In the DX Index, the only hope for further congestion before a break out to new multi-decade highs is a retreat from the 98.840 level. Otherwise it is up and away to the 101.00 to 103.00 range minimum. A break below 1.0675 in the Euro-fx targets 0.9830 minimum. The issue here is the direct and inescapable inverse relationship between the Euro-fx and the U.S. dollar, and the direct and inescapable inverse relationship between U.S. dollar trends and trends in crude oil and petroleum products. Euro-fx down = U.S. dollar up, and U.S. dollar up = petroleum down. Period. End of discussion.
So if (actually when) the greenback breaks above 98.840, the RBOB bulls will suddenly find themselves fighting a turbo-powered bear market in petroleum, the turbo boost of course having been supplied by the resurgent U.S. dollar.
For the years 1983 through 2014, the average date of the spring RBOB peak is April 30. Last year double-topped on April 24 and June 23. This year’s double-top certainly looks to be in place at May 6 and 25.

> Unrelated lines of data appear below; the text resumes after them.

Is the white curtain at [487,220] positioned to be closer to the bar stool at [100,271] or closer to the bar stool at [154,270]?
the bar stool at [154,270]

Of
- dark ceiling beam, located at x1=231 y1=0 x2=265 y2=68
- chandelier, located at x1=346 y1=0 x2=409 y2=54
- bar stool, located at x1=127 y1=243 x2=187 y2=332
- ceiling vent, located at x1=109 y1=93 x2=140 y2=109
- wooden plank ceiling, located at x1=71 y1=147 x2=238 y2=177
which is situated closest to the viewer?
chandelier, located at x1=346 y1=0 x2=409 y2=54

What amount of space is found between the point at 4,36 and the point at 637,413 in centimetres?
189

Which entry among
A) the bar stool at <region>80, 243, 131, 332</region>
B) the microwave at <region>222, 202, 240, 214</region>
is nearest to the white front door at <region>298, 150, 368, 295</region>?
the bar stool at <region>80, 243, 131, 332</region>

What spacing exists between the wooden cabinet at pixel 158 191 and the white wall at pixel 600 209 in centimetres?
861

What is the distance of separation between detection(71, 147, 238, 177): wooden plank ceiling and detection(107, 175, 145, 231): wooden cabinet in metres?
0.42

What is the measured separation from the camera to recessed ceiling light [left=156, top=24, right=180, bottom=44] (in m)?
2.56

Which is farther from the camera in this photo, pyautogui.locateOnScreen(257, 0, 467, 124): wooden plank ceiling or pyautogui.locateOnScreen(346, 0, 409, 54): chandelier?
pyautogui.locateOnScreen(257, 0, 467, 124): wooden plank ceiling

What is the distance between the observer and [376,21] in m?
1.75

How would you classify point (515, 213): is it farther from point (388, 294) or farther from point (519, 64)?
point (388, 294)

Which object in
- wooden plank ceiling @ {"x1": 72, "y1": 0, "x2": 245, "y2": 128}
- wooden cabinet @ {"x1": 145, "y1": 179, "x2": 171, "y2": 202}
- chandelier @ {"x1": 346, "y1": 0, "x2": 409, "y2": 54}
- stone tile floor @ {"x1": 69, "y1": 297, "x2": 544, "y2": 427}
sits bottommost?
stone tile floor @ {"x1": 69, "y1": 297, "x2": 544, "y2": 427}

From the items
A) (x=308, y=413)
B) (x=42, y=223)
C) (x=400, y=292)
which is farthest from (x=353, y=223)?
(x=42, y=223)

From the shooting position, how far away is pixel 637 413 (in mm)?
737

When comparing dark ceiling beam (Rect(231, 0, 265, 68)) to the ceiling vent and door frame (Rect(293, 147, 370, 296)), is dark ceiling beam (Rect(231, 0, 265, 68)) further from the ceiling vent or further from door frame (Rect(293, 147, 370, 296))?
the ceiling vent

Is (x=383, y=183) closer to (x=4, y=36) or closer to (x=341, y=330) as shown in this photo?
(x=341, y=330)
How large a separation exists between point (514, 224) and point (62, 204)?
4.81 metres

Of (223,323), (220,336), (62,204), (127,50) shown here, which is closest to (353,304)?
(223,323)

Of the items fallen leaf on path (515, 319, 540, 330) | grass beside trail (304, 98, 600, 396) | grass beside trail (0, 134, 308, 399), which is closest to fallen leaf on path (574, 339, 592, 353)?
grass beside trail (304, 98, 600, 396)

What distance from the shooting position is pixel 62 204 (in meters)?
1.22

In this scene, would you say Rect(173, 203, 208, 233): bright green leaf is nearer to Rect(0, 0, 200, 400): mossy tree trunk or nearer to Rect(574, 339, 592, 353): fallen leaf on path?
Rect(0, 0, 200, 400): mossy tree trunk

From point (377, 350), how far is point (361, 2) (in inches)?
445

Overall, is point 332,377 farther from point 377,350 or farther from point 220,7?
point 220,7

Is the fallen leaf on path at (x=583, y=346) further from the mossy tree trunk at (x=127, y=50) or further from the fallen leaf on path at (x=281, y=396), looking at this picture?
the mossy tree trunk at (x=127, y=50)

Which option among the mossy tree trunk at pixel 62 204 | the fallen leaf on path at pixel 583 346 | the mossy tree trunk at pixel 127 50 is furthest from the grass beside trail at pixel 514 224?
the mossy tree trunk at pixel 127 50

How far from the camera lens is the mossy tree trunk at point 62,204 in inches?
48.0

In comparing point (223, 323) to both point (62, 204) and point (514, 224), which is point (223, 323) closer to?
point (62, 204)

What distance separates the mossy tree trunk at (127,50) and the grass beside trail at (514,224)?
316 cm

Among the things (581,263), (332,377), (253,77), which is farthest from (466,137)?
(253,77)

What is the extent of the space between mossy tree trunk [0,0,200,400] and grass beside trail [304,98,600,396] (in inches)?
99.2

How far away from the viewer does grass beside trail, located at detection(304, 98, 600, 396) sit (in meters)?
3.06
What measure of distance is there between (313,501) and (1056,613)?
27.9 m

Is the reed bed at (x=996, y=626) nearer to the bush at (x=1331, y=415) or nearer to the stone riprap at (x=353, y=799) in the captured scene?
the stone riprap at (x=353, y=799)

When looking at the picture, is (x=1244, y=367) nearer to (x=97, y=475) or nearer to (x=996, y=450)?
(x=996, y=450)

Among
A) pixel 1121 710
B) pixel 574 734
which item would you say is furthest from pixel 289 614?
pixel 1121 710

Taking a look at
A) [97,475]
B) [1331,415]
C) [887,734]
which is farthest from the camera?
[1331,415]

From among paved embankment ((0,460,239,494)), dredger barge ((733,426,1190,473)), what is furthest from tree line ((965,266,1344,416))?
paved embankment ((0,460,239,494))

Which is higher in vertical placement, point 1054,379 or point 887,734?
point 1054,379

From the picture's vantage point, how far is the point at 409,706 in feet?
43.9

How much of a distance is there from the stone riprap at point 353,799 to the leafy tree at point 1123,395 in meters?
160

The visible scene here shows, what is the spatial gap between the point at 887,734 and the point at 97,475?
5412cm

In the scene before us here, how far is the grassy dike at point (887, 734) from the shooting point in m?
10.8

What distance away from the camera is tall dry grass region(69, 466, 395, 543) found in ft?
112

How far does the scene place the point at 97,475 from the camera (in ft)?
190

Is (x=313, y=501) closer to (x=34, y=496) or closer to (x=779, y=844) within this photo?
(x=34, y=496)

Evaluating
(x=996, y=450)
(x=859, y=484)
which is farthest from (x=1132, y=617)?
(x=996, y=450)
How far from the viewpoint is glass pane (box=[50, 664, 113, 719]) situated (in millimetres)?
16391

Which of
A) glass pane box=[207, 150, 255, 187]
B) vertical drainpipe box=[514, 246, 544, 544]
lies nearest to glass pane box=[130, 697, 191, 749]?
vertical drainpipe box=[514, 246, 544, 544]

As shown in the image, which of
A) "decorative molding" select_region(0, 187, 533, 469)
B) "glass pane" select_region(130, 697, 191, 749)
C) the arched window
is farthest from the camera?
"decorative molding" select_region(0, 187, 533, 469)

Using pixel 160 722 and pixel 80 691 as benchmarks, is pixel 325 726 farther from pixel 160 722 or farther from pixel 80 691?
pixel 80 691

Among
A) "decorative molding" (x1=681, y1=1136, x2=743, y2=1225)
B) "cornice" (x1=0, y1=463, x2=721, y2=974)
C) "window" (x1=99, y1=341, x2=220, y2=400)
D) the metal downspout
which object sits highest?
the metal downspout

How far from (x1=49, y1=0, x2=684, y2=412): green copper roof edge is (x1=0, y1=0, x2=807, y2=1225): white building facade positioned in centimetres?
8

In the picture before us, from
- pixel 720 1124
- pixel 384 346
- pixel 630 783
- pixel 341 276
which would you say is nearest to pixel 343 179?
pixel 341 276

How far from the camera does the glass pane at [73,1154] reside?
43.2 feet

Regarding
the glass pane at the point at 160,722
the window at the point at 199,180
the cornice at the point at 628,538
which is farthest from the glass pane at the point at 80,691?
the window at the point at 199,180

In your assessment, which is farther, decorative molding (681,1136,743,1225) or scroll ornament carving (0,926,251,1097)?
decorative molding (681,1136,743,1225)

The average summer decline in RBOB prices has been a 26% loss in spot contract value while the average spring-to-winter decline in RBOB has been a 33% loss in spot-contract value. So for a purely seasonal event without any help whatsoever from a rising U.S. dollar, and from the $2.0969 high, we are talking a downside risk somewhere between $1.5517 and $1.4049. For fans of synchronicity, the 0.618 retracement of the entire $1.2265 to $2.0969 advance is $1.5590, and the 0.7862 retracement is at the $1.4128 level.
To Confirm a Peak?
Bears only have one task before them: break below the 0.236 retracement of the entire advance at the $1.8915 level. That would provide a compelling additional chunk of evidence that $2.0969 was the seasonal peak.